> Problem to work on: From the line holding "2026 Hyundai Elantra SE Sedan" through the line holding "Nike x Off-White" below, write out every line exactly; include both of those lines and drop the pictures.

> Material for this exercise:
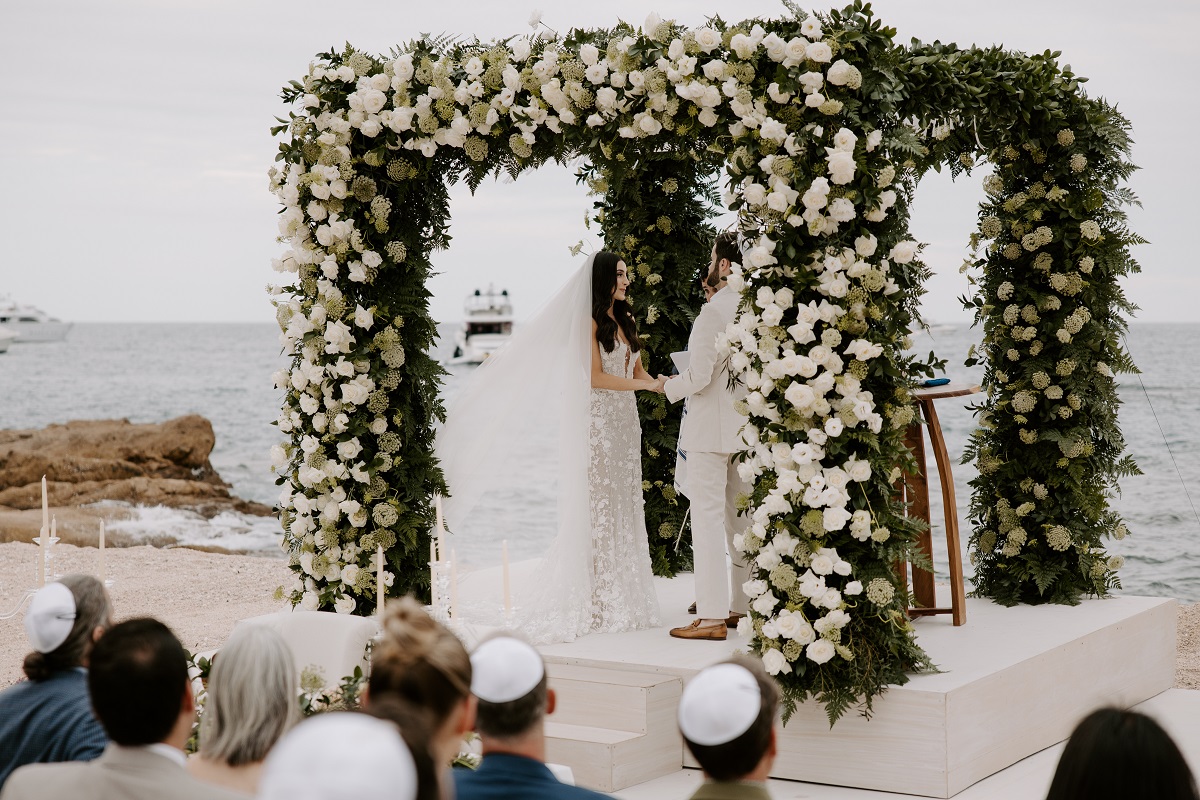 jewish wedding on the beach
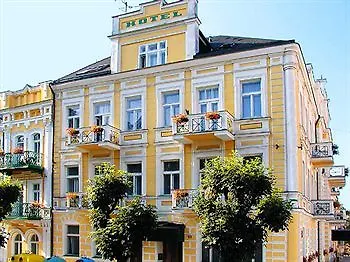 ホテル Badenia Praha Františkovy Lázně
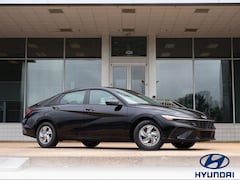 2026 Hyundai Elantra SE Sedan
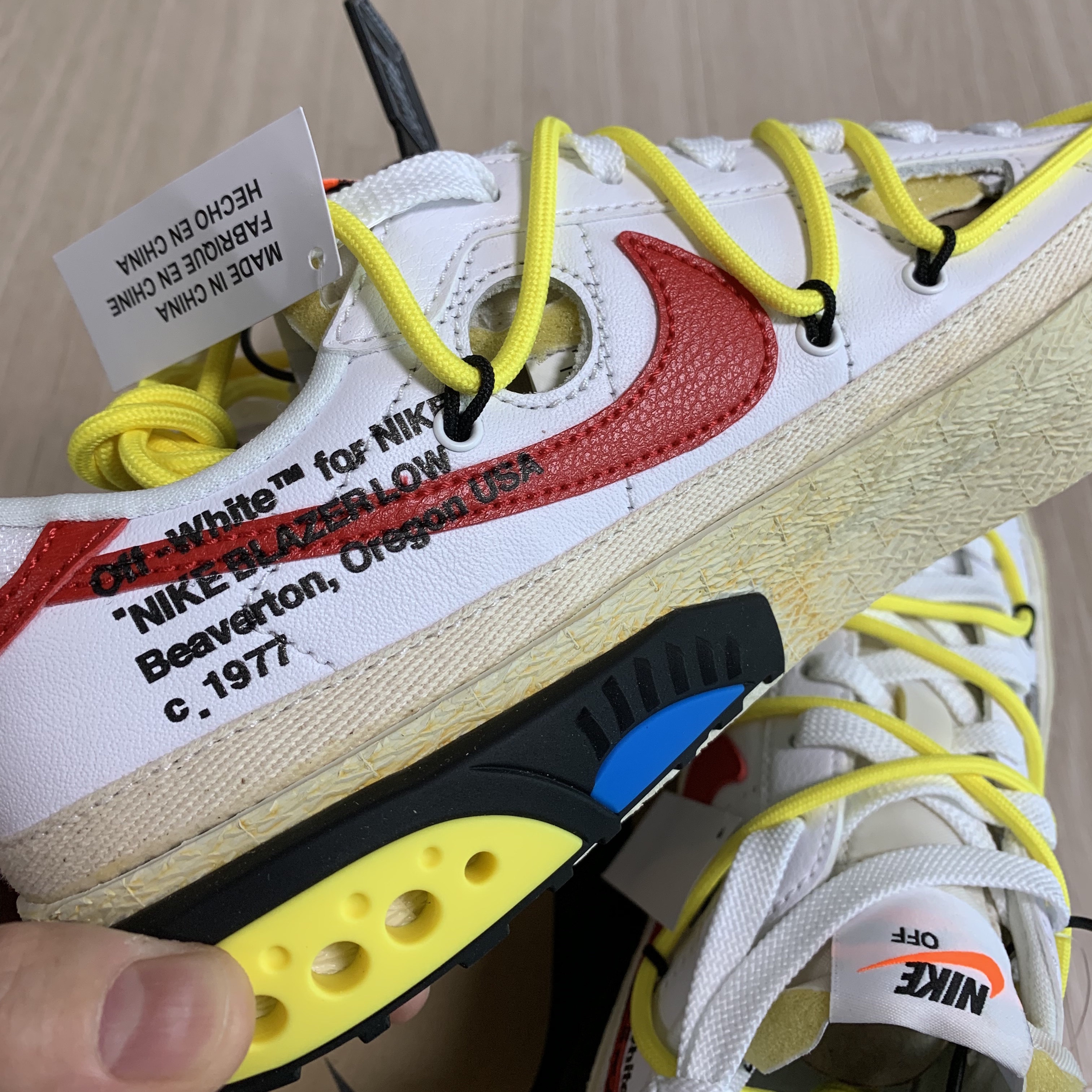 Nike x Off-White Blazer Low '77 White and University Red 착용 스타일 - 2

---

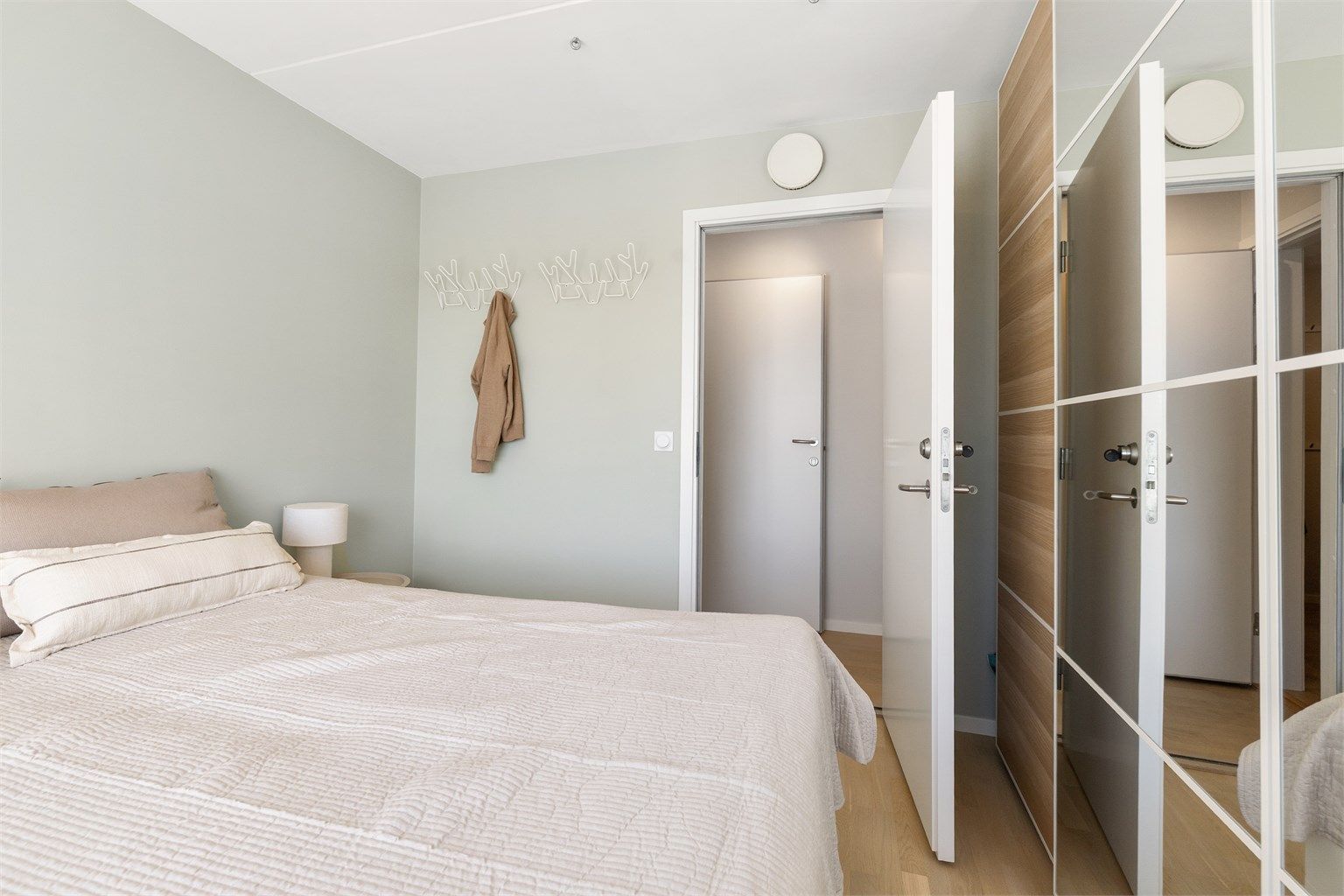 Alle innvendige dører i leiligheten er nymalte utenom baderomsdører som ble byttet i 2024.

> Your solution:
 2026 Hyundai Elantra SE Sedan
 Nike x Off-White Blazer Low '77 White and University Red 착용 스타일 - 2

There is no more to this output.